Enjoy. If you want to dip your toes in the water, you can go through

[https://learnxinyminutes.com/docs/fsharp/](https://learnxinyminutes.com/docs/fsharp/)

for a quick introduction.

If you have background in functional languages/programming, most of it should
look familiar. If you come from an OO or a procedural background, then it
might take some getting used to.

But if you are looking to get a job at a windows shop, I'd stick to C# ( or
VB.Net ) as that's where most of the jobs are.

------
pbreit
I am shocked at how many situations I've been in where the engineering team
has delivered a drastically over-complicated, usually micro-service-based,
system.
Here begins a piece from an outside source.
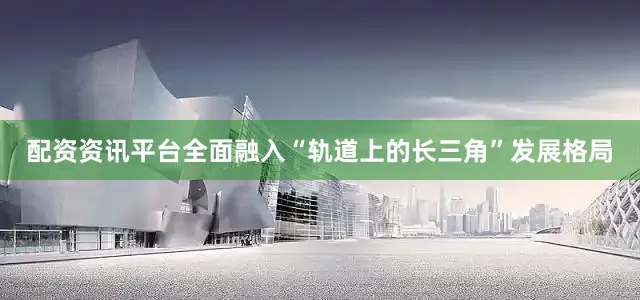 配资资讯平台全面融入“轨道上的长三角”发展格局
Ten engineers working for a year where I could easily see 1-2
Rails/Django devs delivering more in 2 months.

------
blackmagevivi9
Clojure was fun overall. The not so fun part was integrating with necessary
Java libraries with crazy/stereotypical abstraction patterns. Necessary
because Clojure library offering isn't rich; not to knock on all the beautiful
open source work that's out there.

------
CryoLogic
I switched from rails to full-stack js and couldn't be happier. EmberJS +
ExpressJS is so simple to set up, and than you have everything in one language
and you can even share files and just use a build script to distribute them to
client and server (e.g. regex)

------
pmarreck
Would have been a bit more interesting had he passed through a BEAM VM
language on the way...

------
pimeys
My career so far:

Delphi -> Microsoft stack -> Rails/Ruby -> Scala -> Clojure -> Rust

The stuff I remember well starts from Ruby. Good things:

\- Ah man code is like a book.

\- Lots of people were writing Ruby back then, so lots of libraries.

Bad:

\- Deployments in general, this was before Docker, but I prefer having single
binary/jar deployments

\- Slow

\- Lots of runtime errors

\- You need lots of tests

Scala, good:

\- If using IntelliJ, the development experience is kind of slick

\- Quite modern, JVM libs work

\- You can go functional or OOP, whatever you wish

\- Fast

\- Type system helps you out, so no need for that many tests

Bad:

\- IntelliJ, I need my Emacs

\- SBT is not very nice in the end, making a huge jar file can cause trouble
sometimes

\- Not the biggest fan of implicits

Clojure, good:

\- Lisps are SO MUCH FUN to write

\- ...especially if writing pure functions, stuff like code generators

\- Emacs is good here, Cider rocks!

\- JVM libs are available

\- Leiningen is definitely nicer than SBT

\- Everything is pretty easy and straightforward

Bad:

\- Concurrency and effects can cause trouble, especially if doing it through
Java libraries

\- Leiningen is nice, but slow. You must use Cider.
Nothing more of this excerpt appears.